Wo mehr geheizt werden muss, ist der Zuschuss höher. Maximal sollen dieses Jahr 350 Euro pro Antragsteller ausgezahlt werden. Der Zuschuss verdoppelt sich für diejenigen, die von Gas oder elektrisch betriebener Heizung auf Heizöl umsteigen.

Für alle Verbraucher, die mit Heizöl heizen setzt die Regierung die Besteuerung des Kraftstoffs um 25 Eurocent pro Liter herunter. Denen, die im Winter mit Gas heizen müssen, hat die Regierung einen Zuschuss in noch unbekannter Höhe versprochen.

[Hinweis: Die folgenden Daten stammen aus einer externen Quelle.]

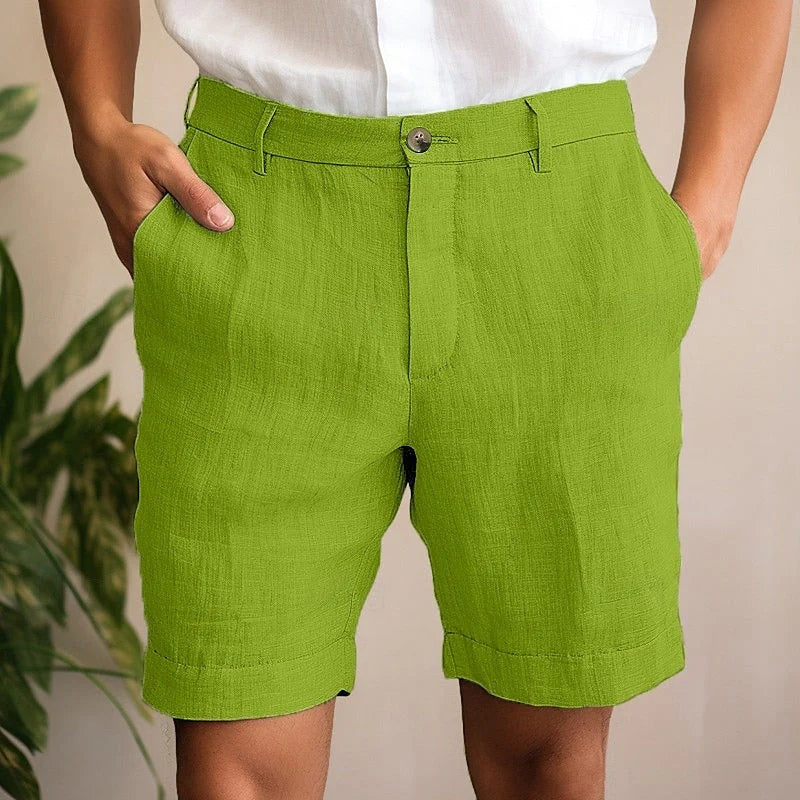 Side view of men's tailored chino shorts displaying functional pockets and mid-rise waistband detail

Stromsparen mit Bonus und Malus System

Gas sparen bedeutet für Griechenland auch, den Stromverbrauch zu senken. Hier gilt die Methode „mit Zuckerbrot und Peitsche“. Staatliche Einrichtungen müssen zehn Prozent Energie einsparen, sonst werden Etatzuschüsse gekürzt. Die bisher aus dem Etat direkt an die Elektrizitätsunternehmen gezahlten Zuschüsse hielten den für Verbraucher auf ihrer Rechnung gesehenen Preis künstlich niedrig.

Die Kosten für elektrischen Strom sollen nun nicht mehr gemäß dem Gießkanneprinzip mit Steuergeldern gesponsort werden. Künftig gilt für die Verbraucher eine Staffelung. Der Grundbedarf soll weiter bezuschusst werden, wer jedoch zu viel verbraucht kann leicht in die Lage kommen, mehr als einen Euro pro kWh zu zahlen. Besonders für diejenigen, die mit Strom heizen, kann das existenzbedrohend werden.

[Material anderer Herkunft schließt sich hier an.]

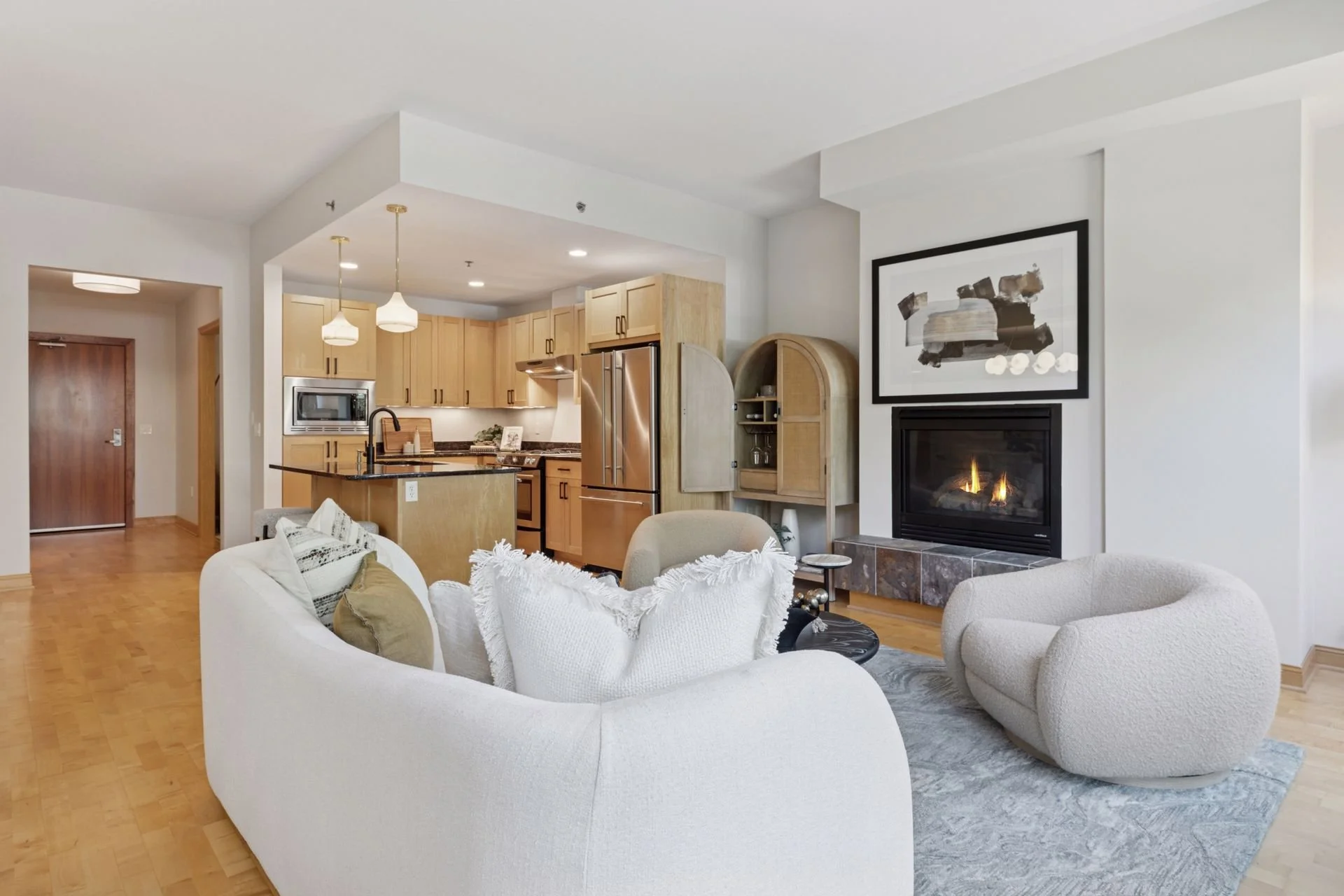Modern living room with fireplace and open kitchen in background with wooden cabinets and pendant lighting.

Dafür weitet die Regierung ihr Stromsparzuschuss-Programm auf weitere Bevölkerungsgruppen aus. Abhängig vom Familieneinkommen erhalten finanziell schwache Bürger einen Zuschuss für den Austausch alter Elektrogeräte. Was in der Theorie gut klingt, zeigt sich in der Praxis als Rezept zur Bereicherung der Händler. Im Wirrwarr der verschiedenen angebotenen Kühlschrank- und Klimaanlagenmodelle sind die Preise der Produkte im Vergleich zu den Monaten vor dem Förderprogramm spürbar angestiegen.

Rund 2,3 Millionen Bürger, die unterhalb des Existenzminimums leben, werden zusätzlich eine Einmalzahlung von 250 Euro erhalten. 60 Millionen Euro werden an Bauern vergeben, um die gestiegenen Düngerpreise abzufedern. Rund 50.000 Viehzüchter werden mit 89 Millionen Euro gefördert. Bei ihnen sorgten die exorbitant ansteigenden Futter- und Energiekosten dafür, dass viele Teile ihrer Herde notschlachten mussten, um finanziell zu überleben.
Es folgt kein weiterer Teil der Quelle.